• PROBLEM DESCRIPTION: When you reach the line that contains "Sticker Rond Baguette Diwali", begin copying exactly, and continue through the last line of the data; no pictures belong in the copy.
>>>>>
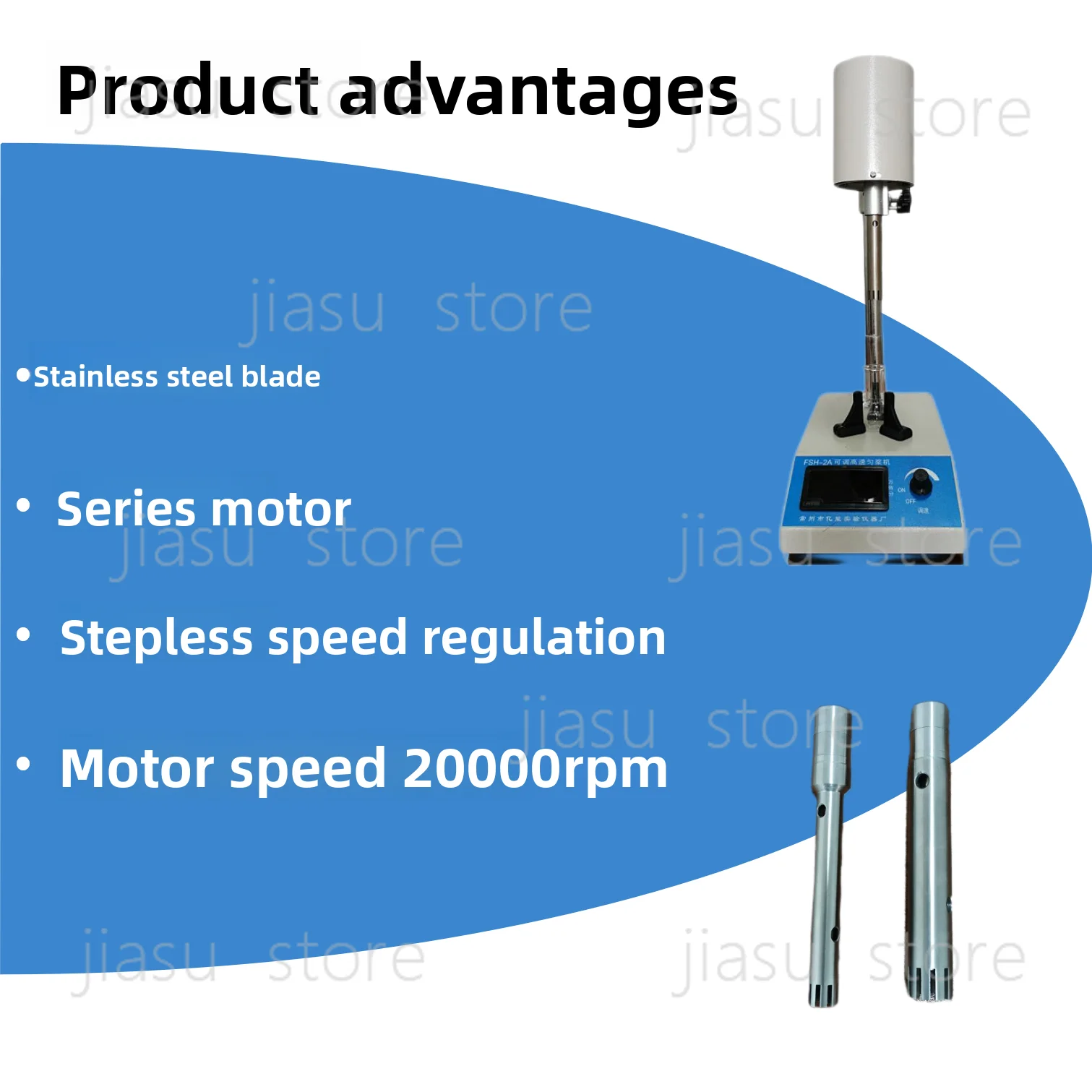 High Speed Shear Homogenizer Lab Emulsifier Digital Display Large Capacity Multifunctional Dispersing & Mixing Equipment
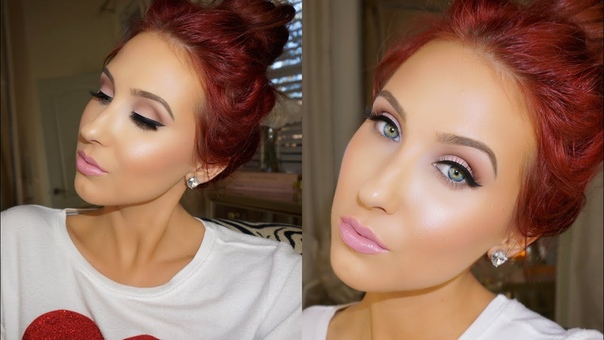Valentines Day Makeup Tutorial Feminine Glowing, Jaclyn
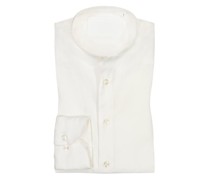 Leinenhemd mit Stehkragen, Tailored Fit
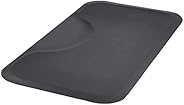 Amazon Basics 3 ft. x 5 ft. Salon & Barber Shop Chair Anti-Fatigue Floor Mat - Black Rectangle - 1/2 in. T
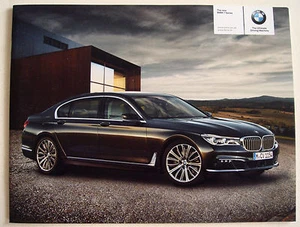 BMW . 7 . BMW 7 Series . June 2015 Sales Brochure - Picture 1 of 1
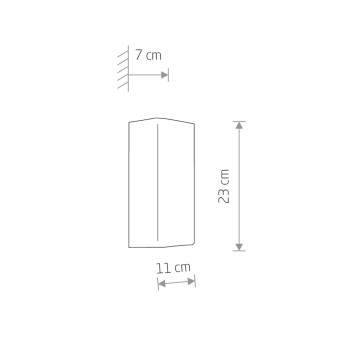 Настенный светильник Nowodvorski Bergen White 9706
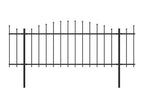 Garden fence with spear-shaped top, steel, 0.5-0.75 x 3.4 m, Zensova ZEAS71428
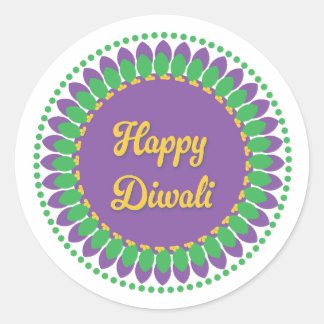 Sticker Rond Baguette Diwali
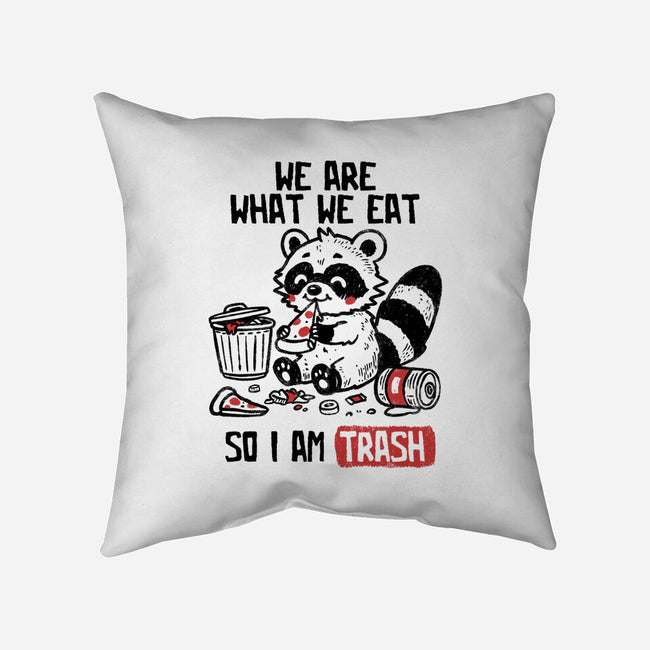 We Are What We Eat-None-Removable Cover w Insert-Throw Pillow-koalastudio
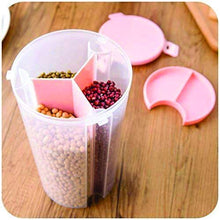 3 In 1 Transparent Air Tight Storage Dispenser Container 0618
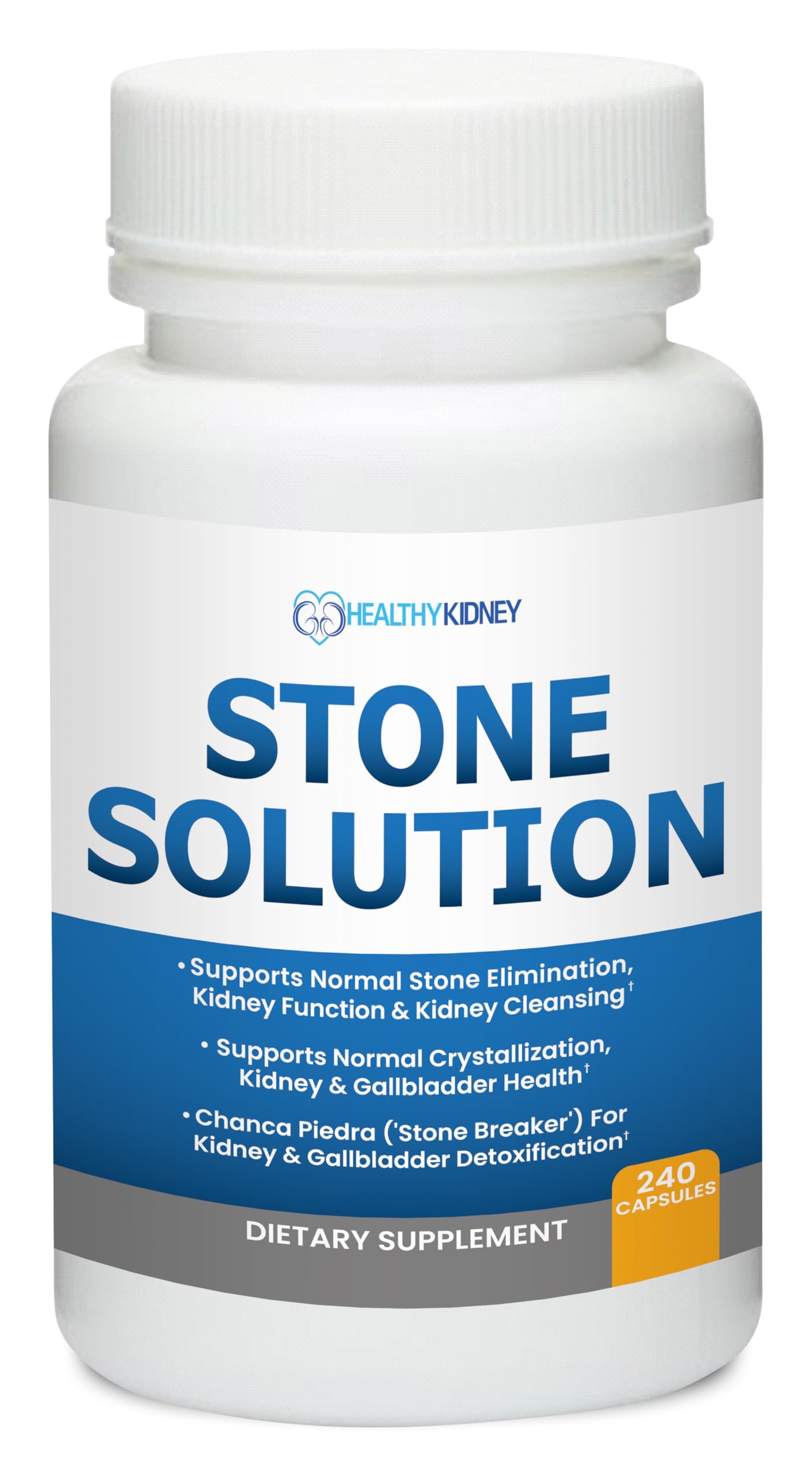 Stone Solution Capsules- Natural Dissolver, Kidney Stone Support & Kidney Cleanser Chanca Piedra Stone Breaker Gallbladder Cleanse, Flush & Stop Recurrence, Stone Relief 60 Servings
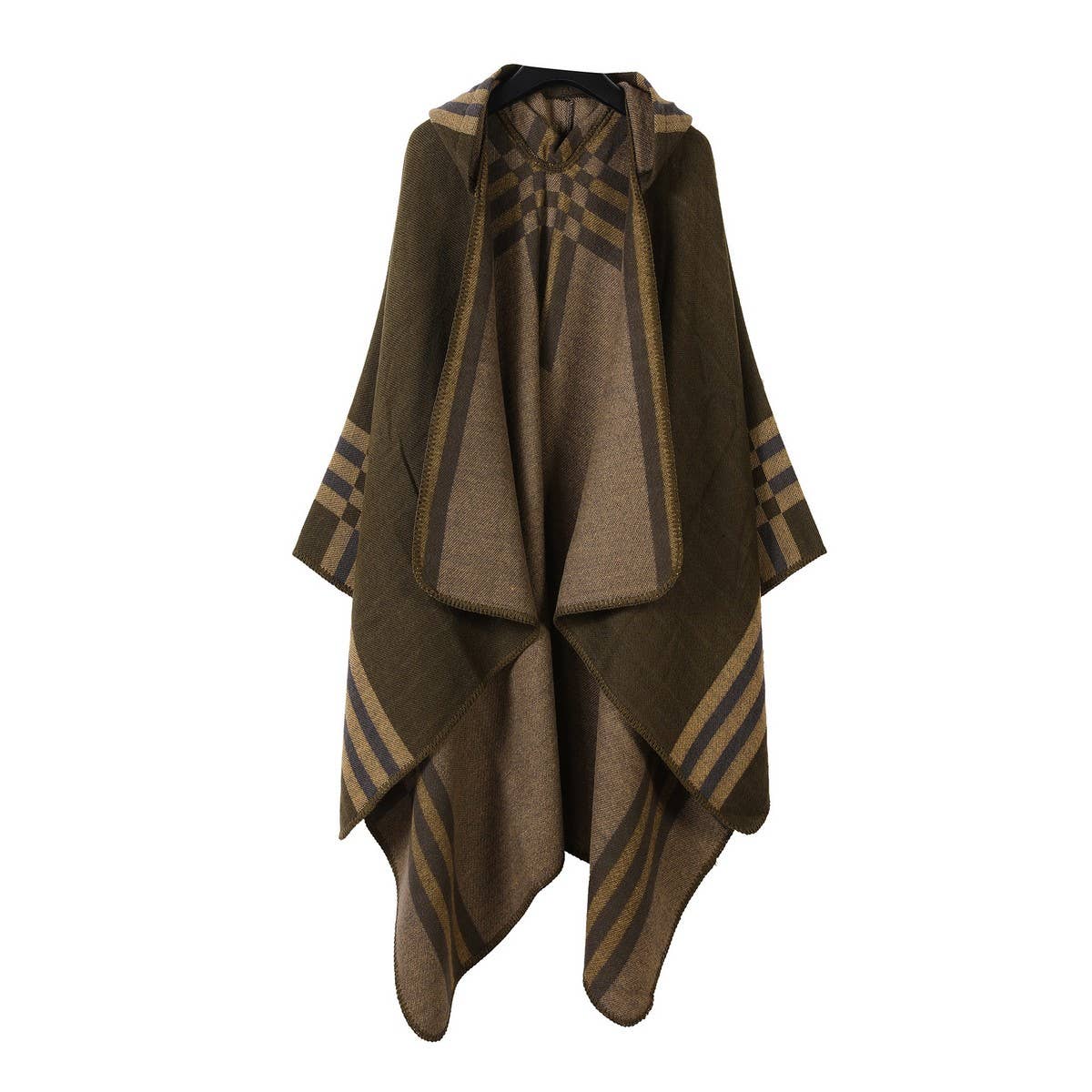 CAPE FASHIONABLE WARM CLOAK KNITTED SLIT SHAWL_CWASC2273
<<<<<
• YOUR SOLUTION:
 Sticker Rond Baguette Diwali
 We Are What We Eat-None-Removable Cover w Insert-Throw Pillow-koalastudio
 3 In 1 Transparent Air Tight Storage Dispenser Container 0618
 Stone Solution Capsules- Natural Dissolver, Kidney Stone Support & Kidney Cleanser Chanca Piedra Stone Breaker Gallbladder Cleanse, Flush & Stop Recurrence, Stone Relief 60 Servings
 CAPE FASHIONABLE WARM CLOAK KNITTED SLIT SHAWL_CWASC2273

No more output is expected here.